<< Back to eAlerts

MACRA Flexibility: Set Your Own Pace in 2017

September 21, 2016

The clinician community breathed at least a partial sigh of relief last week.  The Centers for Medicare and Medicaid Services (CMS) announced that clinicians would not suffer financial penalties in 2019 based on their performance in 2017 under the new Quality Payment Program (QPP) that implements the Medicare Access and CHIP Reauthorization Act (MACRA).

Still, the message is clear:  CMS intends for all eligible clinicians to participate in the QPP as the way to avoid negative payment adjustments down the road.  It is simply providing some leeway and choices in the pace with which clinicians make the transition during the program’s first year.  

The only clinicians who will not have to report something in 2017 to avoid penalties (exacted in 2019) are brand-new ones, those with fewer than 100 patients or less than $10,000 in billings, or those in an advanced Alternative Payment Model (APM).  As Harold Miller, president and CEO of the Center for Healthcare Quality and Payment Reform says in HealthLeaders, “This is not delaying implementation of MACRA, it’s actually creating a less problematic starting point for the measurement that will go into determining what happens to physicians in 2019.”

It’s a lot to juggle, but here is the message:  If you have been participating in the Qualified Clinical Data Registry (QCDR) in 2016, which will determine payments in 2018, continue with what you are doing for the remainder of the calendar year.  But prepare for MACRA in 2017, which will determine payments in 2019.  Also, keep in mind that the final rule could contain significant changes when it is issued in November 2016. 
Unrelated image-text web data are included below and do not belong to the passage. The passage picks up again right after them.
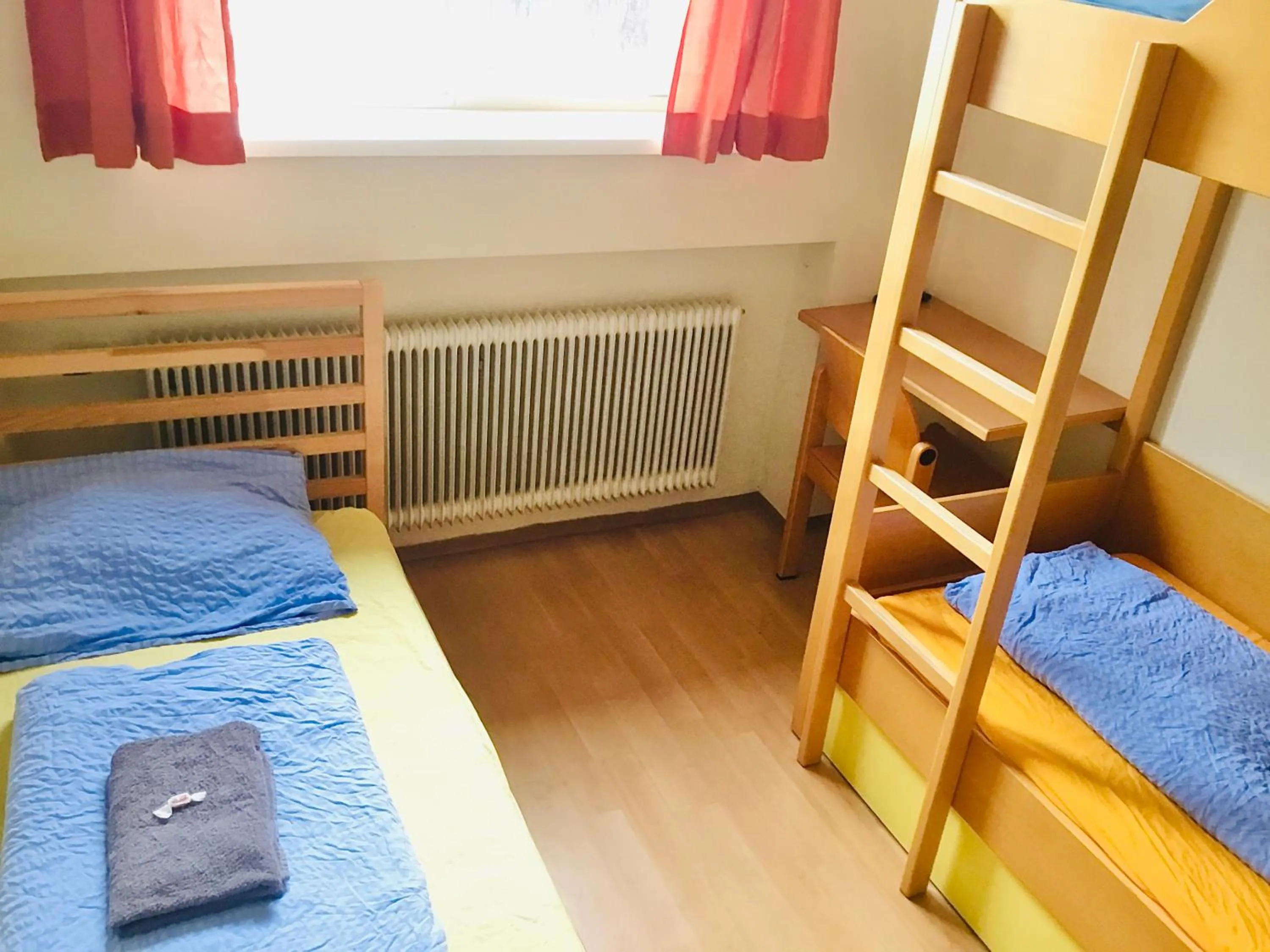 Photo of the whole room in Junges Hotel Melk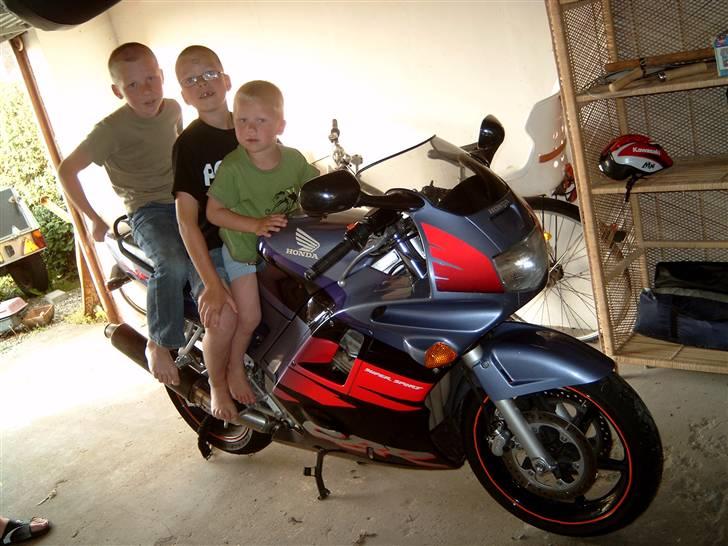 Kawasaki zx10 - min første mc + mine 3 dejlige børn billede 6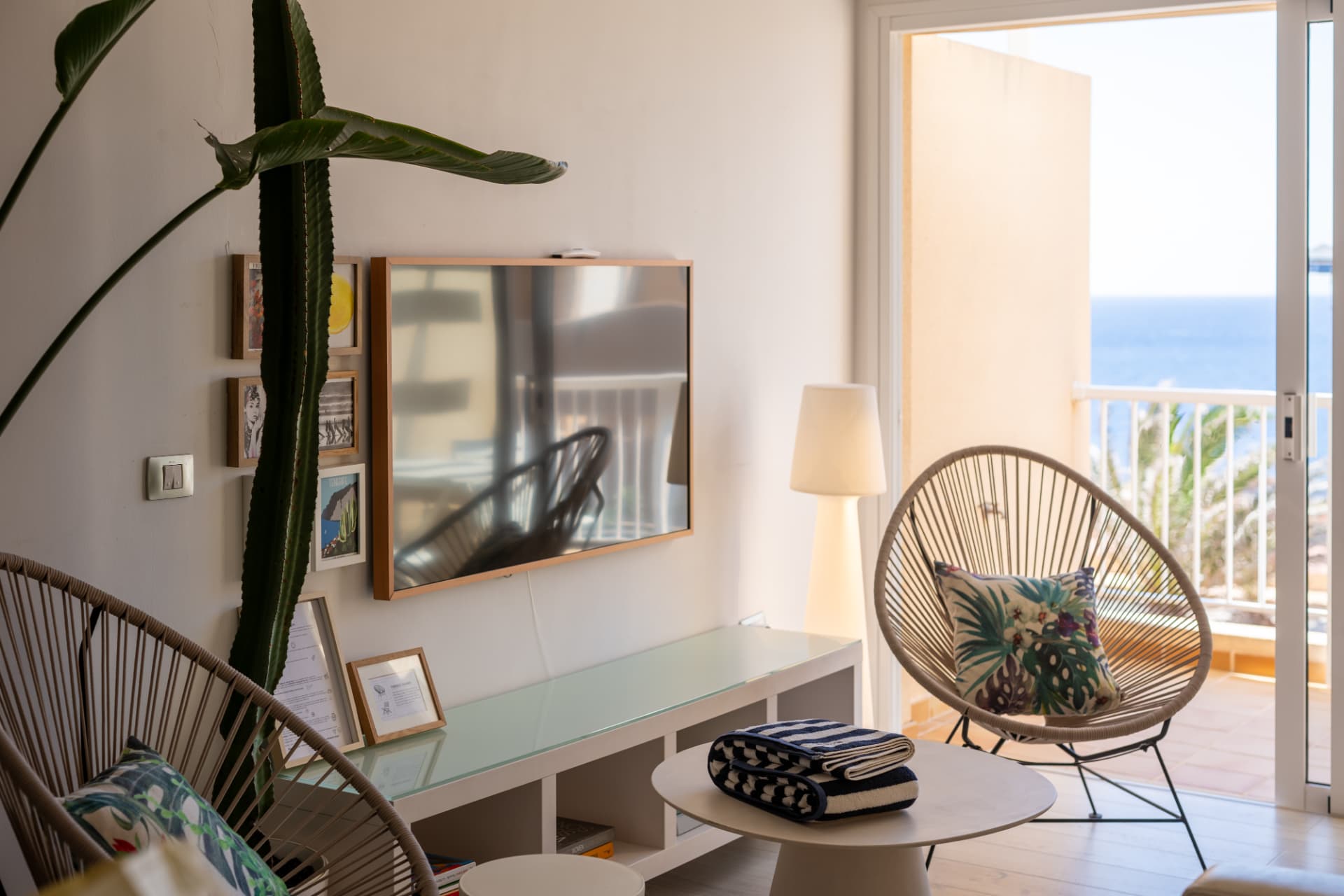 Salón luminoso de El Porís con acceso a la terraza y vistas al océano Atlántico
The announcement from CMS comes in response to widespread concerns from clinicians and medical associations about MACRA’s proposed aggressive timeframe, complexity, stringent reporting requirements and failure to consider the special needs of practices with fewer resources, including physicians in rural communities.  In a September 8, 2016 blog post, CMS Acting Administrator Andy Slavitt outlined four options for clinicians that will ease the transition by allowing them to “pick their pace for participation” during the first reporting period that begins on January 1, 2017.

All four options enable clinicians to avoid penalties in the first year as they move to a reimbursement model based on value and quality; some offer an opportunity for positive payment adjustments.  The point is that these choices give providers an opportunity to start relatively slowly or move ahead more ambitiously, based on how far along they are in preparing for MACRA.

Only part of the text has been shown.